■ **Problem to work on**: Give exactly the lines from the one with "ปั่นสู้ฝันbrWind Breaker ตอนที่ 22 รูปที่ 20" through the final line of the listing below, both included, leaving out any pictures.

■ **Extracted material**:
....................
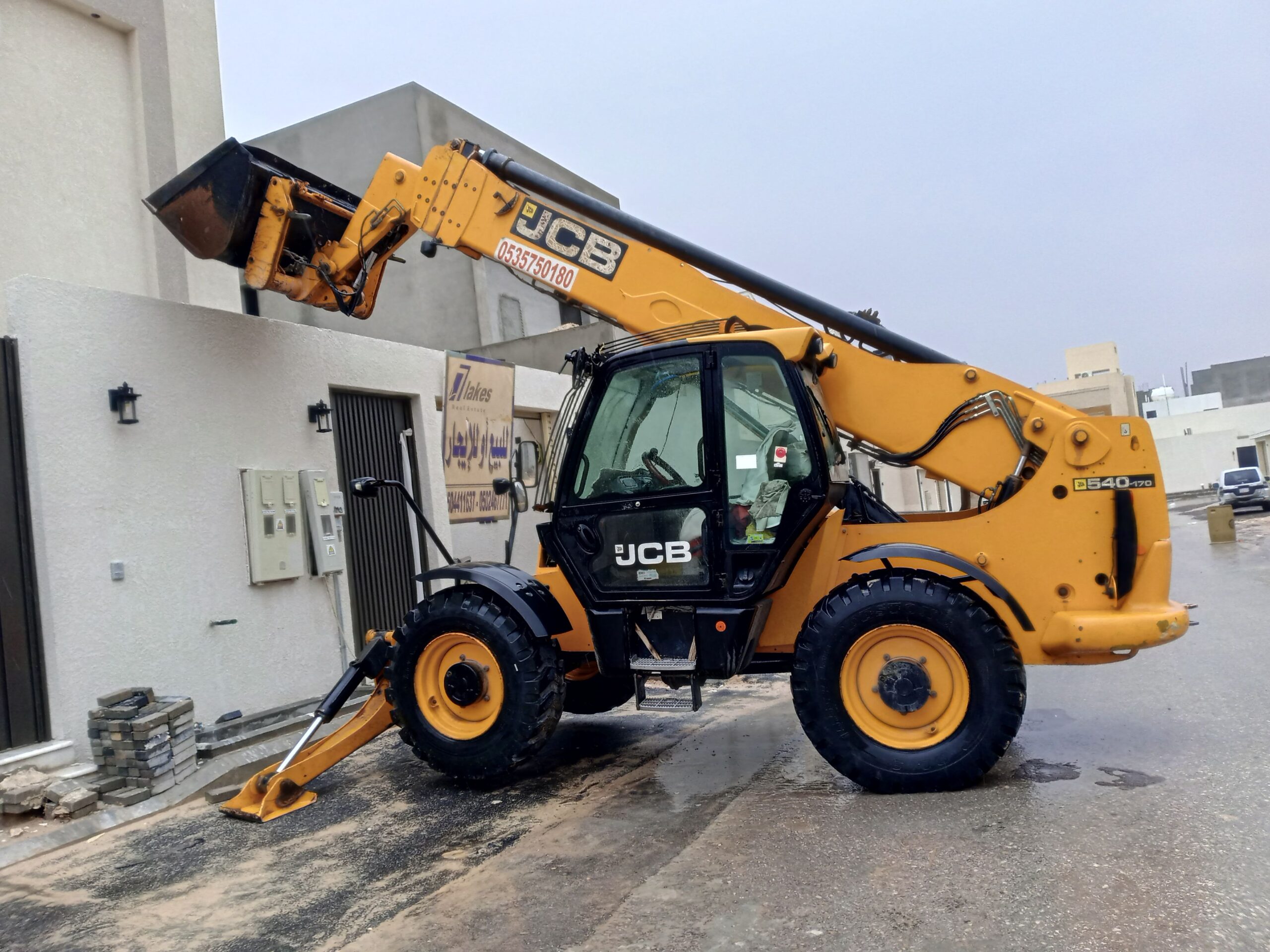 9c877564-3ac9-46c7-b6af-4e86216e23cb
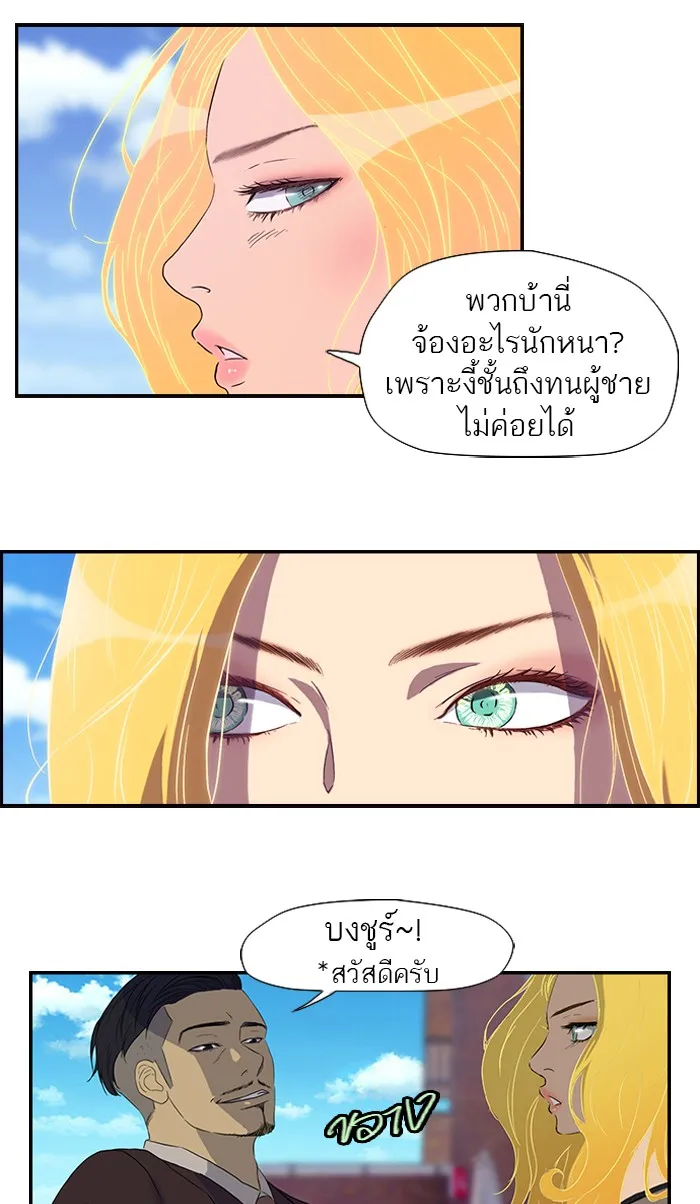 ปั่นสู้ฝันbrWind Breaker ตอนที่ 22 รูปที่ 20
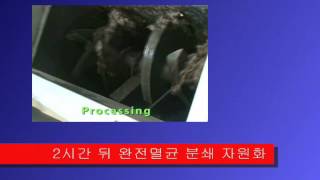 구제역침출수폐사축처리영상wmv [upl. by Frodine]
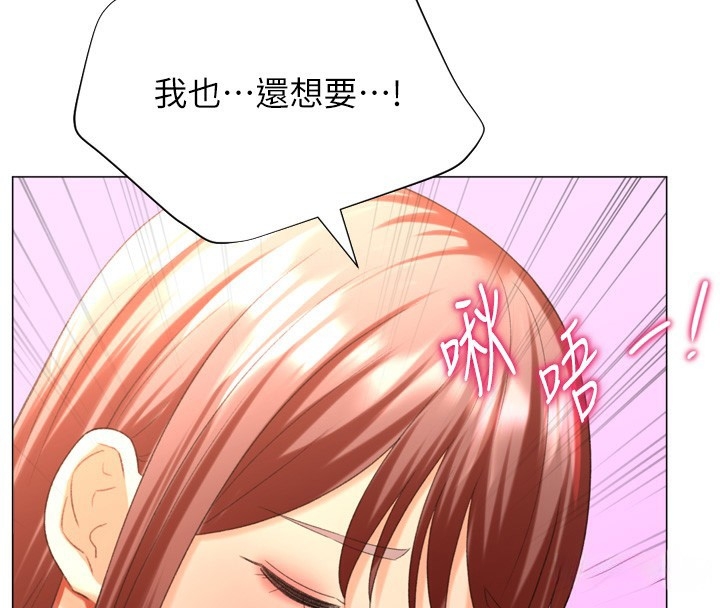 第50张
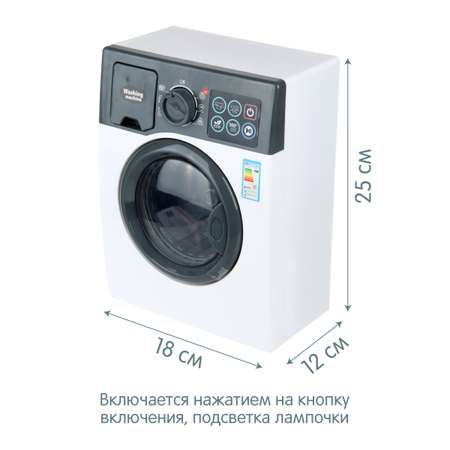 Игрушка Veld Co стиральная машина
....................
■ **Solution to this exercise**:
 ปั่นสู้ฝันbrWind Breaker ตอนที่ 22 รูปที่ 20
 구제역침출수폐사축처리영상wmv [upl. by Frodine]
 第50张
 Игрушка Veld Co стиральная машина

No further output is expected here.